* PROBLEM REQUIREMENTS
Repeat every line below exactly, word for word.

* SUPPLIED DATA
*** Block opens ***
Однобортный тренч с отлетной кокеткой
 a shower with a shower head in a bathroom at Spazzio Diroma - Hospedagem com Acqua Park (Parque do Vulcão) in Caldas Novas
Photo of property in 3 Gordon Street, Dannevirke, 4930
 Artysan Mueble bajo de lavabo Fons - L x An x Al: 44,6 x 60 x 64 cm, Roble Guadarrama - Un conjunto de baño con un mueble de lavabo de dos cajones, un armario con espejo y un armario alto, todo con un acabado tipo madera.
*** Block closes ***
* PROBLEM SOLUTION
Однобортный тренч с отлетной кокеткой
 a shower with a shower head in a bathroom at Spazzio Diroma - Hospedagem com Acqua Park (Parque do Vulcão) in Caldas Novas
Photo of property in 3 Gordon Street, Dannevirke, 4930
 Artysan Mueble bajo de lavabo Fons - L x An x Al: 44,6 x 60 x 64 cm, Roble Guadarrama - Un conjunto de baño con un mueble de lavabo de dos cajones, un armario con espejo y un armario alto, todo con un acabado tipo madera.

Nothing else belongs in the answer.